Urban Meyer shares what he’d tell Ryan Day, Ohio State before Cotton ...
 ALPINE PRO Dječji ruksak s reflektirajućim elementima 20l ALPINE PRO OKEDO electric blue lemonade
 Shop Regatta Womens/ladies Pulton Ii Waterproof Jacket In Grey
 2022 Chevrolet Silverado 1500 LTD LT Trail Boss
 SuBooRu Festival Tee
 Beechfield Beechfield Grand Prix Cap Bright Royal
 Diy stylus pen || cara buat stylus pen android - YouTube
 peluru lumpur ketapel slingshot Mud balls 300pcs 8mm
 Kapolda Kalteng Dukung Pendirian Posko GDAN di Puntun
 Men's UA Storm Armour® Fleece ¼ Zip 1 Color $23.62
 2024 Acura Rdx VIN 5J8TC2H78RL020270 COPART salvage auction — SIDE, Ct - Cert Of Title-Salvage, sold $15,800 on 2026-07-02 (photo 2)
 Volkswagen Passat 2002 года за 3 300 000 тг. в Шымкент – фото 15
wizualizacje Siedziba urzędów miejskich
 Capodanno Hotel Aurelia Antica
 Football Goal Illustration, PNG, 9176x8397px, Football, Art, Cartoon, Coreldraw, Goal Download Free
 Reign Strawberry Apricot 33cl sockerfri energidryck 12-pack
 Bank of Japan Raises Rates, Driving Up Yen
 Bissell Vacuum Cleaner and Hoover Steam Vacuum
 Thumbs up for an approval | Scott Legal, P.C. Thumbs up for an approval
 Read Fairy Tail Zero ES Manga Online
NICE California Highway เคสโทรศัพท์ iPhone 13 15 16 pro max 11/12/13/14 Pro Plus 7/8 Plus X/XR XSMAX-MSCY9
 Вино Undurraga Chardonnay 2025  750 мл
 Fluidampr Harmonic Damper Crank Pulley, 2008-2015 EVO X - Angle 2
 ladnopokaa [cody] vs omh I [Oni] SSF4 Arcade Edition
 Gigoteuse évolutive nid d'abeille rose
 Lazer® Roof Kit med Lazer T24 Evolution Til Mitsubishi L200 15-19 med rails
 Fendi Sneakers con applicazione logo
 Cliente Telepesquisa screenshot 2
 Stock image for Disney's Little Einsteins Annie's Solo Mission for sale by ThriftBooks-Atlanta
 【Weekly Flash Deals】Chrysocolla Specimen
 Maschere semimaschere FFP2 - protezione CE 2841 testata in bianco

_Problem to solve_.
From the line holding "Reign Strawberry Apricot" down to the last line of the records above, restate each line exactly as written.

_Finished exercise_.
 Reign Strawberry Apricot 33cl sockerfri energidryck 12-pack
 Bank of Japan Raises Rates, Driving Up Yen
 Bissell Vacuum Cleaner and Hoover Steam Vacuum
 Thumbs up for an approval | Scott Legal, P.C. Thumbs up for an approval
 Read Fairy Tail Zero ES Manga Online
NICE California Highway เคสโทรศัพท์ iPhone 13 15 16 pro max 11/12/13/14 Pro Plus 7/8 Plus X/XR XSMAX-MSCY9
 Вино Undurraga Chardonnay 2025  750 мл
 Fluidampr Harmonic Damper Crank Pulley, 2008-2015 EVO X - Angle 2
 ladnopokaa [cody] vs omh I [Oni] SSF4 Arcade Edition
 Gigoteuse évolutive nid d'abeille rose
 Lazer® Roof Kit med Lazer T24 Evolution Til Mitsubishi L200 15-19 med rails
 Fendi Sneakers con applicazione logo
 Cliente Telepesquisa screenshot 2
 Stock image for Disney's Little Einsteins Annie's Solo Mission for sale by ThriftBooks-Atlanta
 【Weekly Flash Deals】Chrysocolla Specimen
 Maschere semimaschere FFP2 - protezione CE 2841 testata in bianco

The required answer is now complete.